Masih Penyelidikan, KPK Ogah Ungkap Alasan Periksa Bendum PBNU Mardani Maming
Wakil Ketua KPK Alexander Marwata/Humas KPK)

Bagikan:

JAKARTA - Bendahara Umum Pengurus Besar Nahdlatul Ulama (PBNU) Mardani H Maming menjalani pemeriksaan selama 12 jam di KPK. Hanya saja, KPK tak mau banyak bicara perihal pemeriksaan itu.

Wakil Ketua KPK Alexander Marwata mengatakan pihaknya belum mau memerinci pemeriksaan terhadap Maming yang dilakukan Kamis, 2 Juni. Alasannya, saat ini proses penyelidikan dugaan tindak rasuah masih terjadi dan dia belum mendapat laporan dari anak buahnya.

"Saya sendiri belum dapat informasi dari teman-teman penyelidik," kata Alexander dalam konferensi pers di gedung Merah Putih KPK, Kuningan Persada, Jakarta Selatan, Jumat, 3 Juni.

KPK, sambung Alexander, akan menjelaskan dugaan korupsi itu pada waktunya. Termasuk, adanya dugaan kasus tersebut berkaitan dengan pemilik PT Jhonlin Baratama, Samsudin Andi Arsyad alias Haji Isam.

"Maming ini prosesnya masih lidik (penyelidikan, red) jadi informasi itu (terkait Haji Isam) belum bisa kami buka. Kasusnya terkait apa, ya tentu itu akan didalami dalam proses penyelidikan," tegasnya.
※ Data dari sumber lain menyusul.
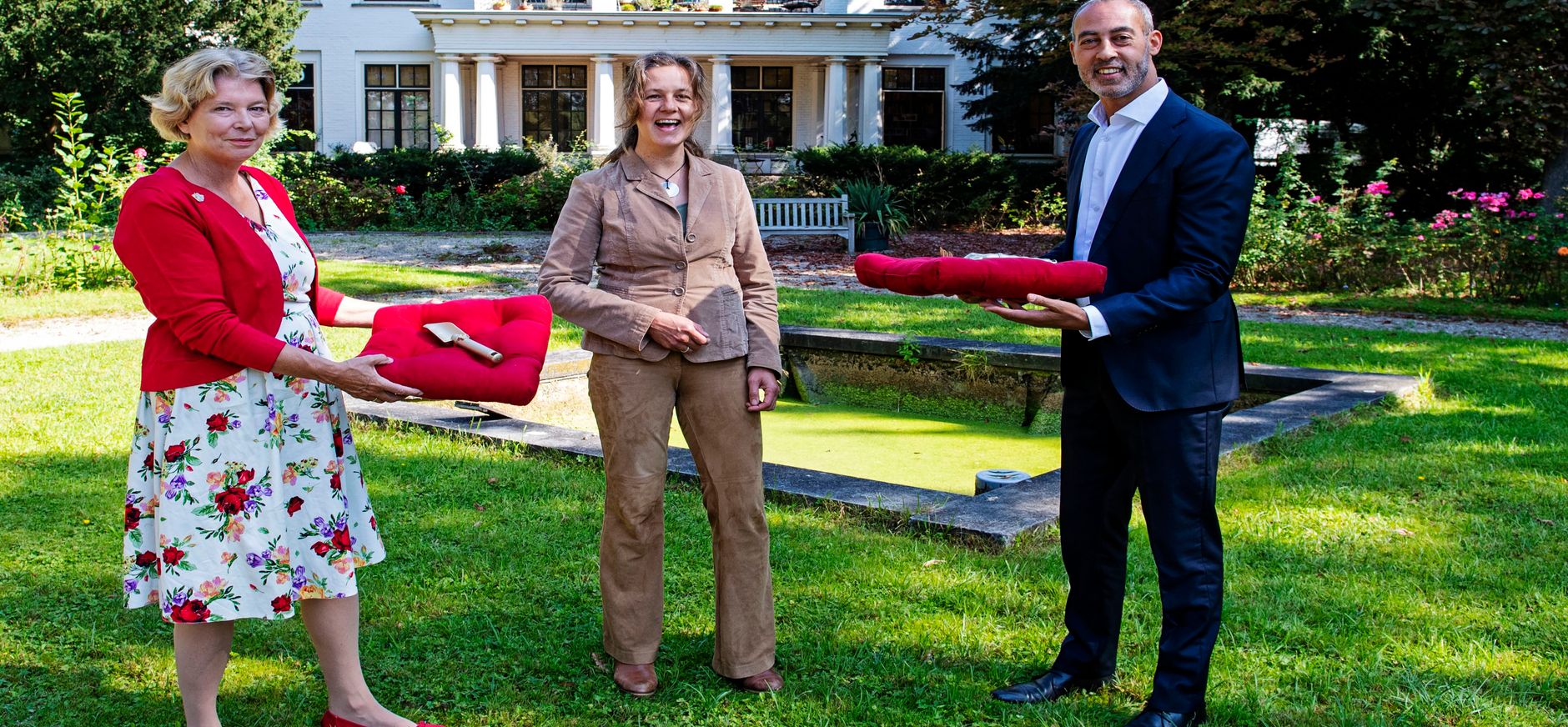 Overhandiging Buitenplaats De Tempel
Adapun usai diperiksa selama 12 jam pada Kamis, 2 Juni kemarin, Maming mengatakan dimintai keterangan terkait dugaan korupsi yang menjerat Haji Isam.

"Saya hadir di sini sebagai pemeriksaan pemberi informasi penyelidikan, tapi intinya, saya hadir di sini terkait permasalahan saya dengan Haji Samsudin atau Haji Isam, pemilik Jhonlin Group," kata Maming di gedung Merah Putih KPK, Jakarta Selatan, Kamis, 2 Juni.

Meski begitu, nama Maming sebenarnya pernah disebut menerima uang sebesar Rp89 miliar dalam persidangan dugaan suap izin usaha pertambangan (IUP) di Kabupaten Tanah Bumbu yang digelar di Pengadilan Tipikor, Banjarmasin, Kalimantan Selatan (Kalsel).

Dugaan ini disampaikan adik dari mantan Direktur Utama PT Prolindo Cipta Nusantara (PCN) Henry Soetio, Christian Soetio. Saat itu, Christian mengaku tahu adanya aliran dana kepada eks Bupati Tanah Bumbu Mardani H Maming melalui PT Permata Abadi Raya (PAR) dan PT Trans Surya Perkasa (TSP).

Transfer uang tersebut berlangsung sejak 2014. Jumlah puluhan miliar rupiah itu, disebut sebagai jumlah yang dikutip berdasarkan laporan keuangan PT PCN.